Tate looks at the bigger picture with Net launch

The Tate launches its Website on Thursday this week, designed by Web design company the Hub, with hopes that the site will help boost visitor and commercial revenues across the gallery’s three UK sites.

Damien Whitmore, director of communication for the Tate, describes the gallery’s investment in the site as “the most effective

way of developing an overseas market” for the Tate’s collection and exhibitions.

The gallery has set itself an ambitious target of doubling visitor numbers to more than 2 million a year across its venues over the next few years – with overseas visitors seen as a major contributor to that growth.

The young age skew of Tate visitors, plus the high rate of Internet access among this target market of international travellers and visitors, makes the Internet an ideal tool for the Tate to sell itself abroad, says Whitmore.

“The Web is going to be an important part of our marketing mix,” he says. “We can reach a new market, and we can encourage people to come and see us in the comfort of their own home. We want people to use the site as a sampling tool before they visit us. But we also hope it will be used for generating revenue through mail order from our shop, and to build support though our membership schemes.”

Many hundreds of British and American museums and galleries have already developed Websites. Their connections with academia, one of major driving forces behind widespread exploitation of the Web, means institutions such as the Victoria & Albert and National Gallery have been able to exploit in-house resources in establishing homepages covering their activities.

But few sites go beyond offering a basic service of listing opening hours, transport deals and a couple of perfunctory illustrations of exhibits. The Victoria & Albert Museum, for example, was last updated in December 1996 and designed by in-house staff – although a new site is now being built.

Whitmore points to US galleries such as the Art Institute of Chicago and the Museum of Modern Art in New York as establishing a benchmark for other galleries to meet in exploiting the Internet.

British Web design company Hub Communications has developed the Tate site. A key feature will be an online catalogue of the Tate Collection, with a complete listing of 25,000 works, displaying thousands of images. The catalogue “reflects the Tate’s commitment to free access for a wide audience”, says Whitmore. But how does this square with Whitmore’s avowed intention of exploiting the Web to meet the Tate’s commercial objectives?
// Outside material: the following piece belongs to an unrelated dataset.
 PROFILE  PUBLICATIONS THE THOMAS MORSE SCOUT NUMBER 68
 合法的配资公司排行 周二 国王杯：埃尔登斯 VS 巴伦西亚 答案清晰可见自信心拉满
“We’re not profit centred – entrance to the bulk of our gallery is free,” he says. “But we are commercial. Our existing business plan is aiming to achieve a doubling of visitor numbers to over 2 million a year across our sites in the coming years.”

More visitors makes it easier to attract commercial sponsorship and secure prestigious paid-for exhibitions, he adds. It also helps leverage more revenue from shops, cafés and the promotion of other commercial activities such as membership schemes.

“And the more we earn, the more justification we have for applying for grants and other forms of support,” says Whitmore.